For PR pros who want to stay relevant in their organizations and for those new professionals who are starting their careers in communications, this is a serious question. On March 28, 2013, Sergei Samoilenko, Geno Church and I presented a PRSA Webinar on The Universal PR Professional of Tomorrow. The focus of our discussion was on PR roles and responsibilities, new ways to engage and share meaningful content, and the need to close the gap between what universities teach and what students should know when they enter into the field.
A question posed by a webinar participant really stuck in my mind. She asked if there was a place to find a PR checklist of important skills. I use my eight new PR practices as a checklist of both skills and new responsibilities. However, if I were hiring a “Universal PR professional” to guide strategic communications in 2013 and beyond, here are some of my best practice tips to shape that PR person’s role:
- Be proactive and don’t wait to be asked. Today, we are looking for people who will raise their hands to get involved. For example, with the development of a social media policy, training initiatives and governance (new responsibilities that require PR to participate). You should never wait for someone to give you the assignment, especially if you identify an area in your department or company that needs support. Propose new ideas, do the research, and offer your assistance. The initiative you take will make you stand out among all the rest.
- Start with good communication on the inside. Take the time to discover how to be more efficient and productive with your teams. Make suggestions beyond simply using email communication on how to finish your projects on time and under budget. Use social collaboration tools on the inside of your company for better internal communications and then take the time to educate your peers on new ways to work together to increase overall productivity.
- Test technology … always. Don’t be behind the curve, instead stay ahead for advancement. Be ready to answer those leadership questions asking “why” and “how” your brand should participate in new social communities. Take the time to “Tech Test” in different areas including collaborative platforms, applications, monitoring software, influence tools, etc., which will make you a more valuable asset to your organization.
- Listen to be heard and to be relevant. Gathering customer intelligence is the best way to internalize information and then use it to communicate with meaning, through offline and new media channels. Since I started in PR, I was always told to listen first to solve problems. This is much more apparent today, as a result of social media. By truly “listening,” we can help people and build stronger relationships with our constituents.

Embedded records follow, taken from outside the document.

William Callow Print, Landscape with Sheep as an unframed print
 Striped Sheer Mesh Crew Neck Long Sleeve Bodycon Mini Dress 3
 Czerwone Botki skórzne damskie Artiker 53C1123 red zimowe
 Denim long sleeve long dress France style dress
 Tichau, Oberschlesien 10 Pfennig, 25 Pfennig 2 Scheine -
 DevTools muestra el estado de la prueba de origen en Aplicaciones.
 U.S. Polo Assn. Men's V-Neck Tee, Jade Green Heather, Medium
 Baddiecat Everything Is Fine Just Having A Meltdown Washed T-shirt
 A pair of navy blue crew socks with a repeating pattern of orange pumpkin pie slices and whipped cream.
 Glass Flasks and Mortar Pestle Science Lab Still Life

- You are always on! Social media doesn’t sleep, so your organization’s readiness is key. Creating the social media crisis plan (integrated into an overall crisis plan) requires knowledge and skills. It’s imperative for you to build a system that catches negative sentiment early on before it escalates, and to put processes and people in place for different levels of escalation through new media channels.
- Build relationships by giving. And, sometimes realize you have to give more. PR professionals have always been known for building relationship pre-Internet and social media. Today, the ability to cultivate a relationship with new influencers and customers where they congregate is both an art and science. Knowing how to strategically grow mutually beneficial relationships, whether they start online on Facebook or offline, is an essential part of the PR person’s role.
- Live the brand to protect the brand. PR professionals who are more involved in the development of the brand experience, and who understand how the brand voice translates into the social media brand voice (with personality and transparency), are in a position to educate others. With this understanding you can help to build an army of champions, who can better protect and maintain the brand’s reputation at every touch point.
- Be accountable with all of your communications, including social media. It’s important for you to understand the different metrics whether they reveal community growth, reputation issues, increased awareness, or engagement with high-level impact. We also have to use social media analytics, paired with other data, to show Return on Investment (ROI), knowing that our communications cannot work in a vacuum and must be integrated with marketing and other areas of the organization. Of course, we also have to ask, “Why?” and then make sure the outcomes we are trying to achieve track back to our program objectives, which we measure over time.
What helpful tips would you add to shape the role of the Universal PR professional of tomorrow? And, when you describe your own role, what do you think are the most important skills?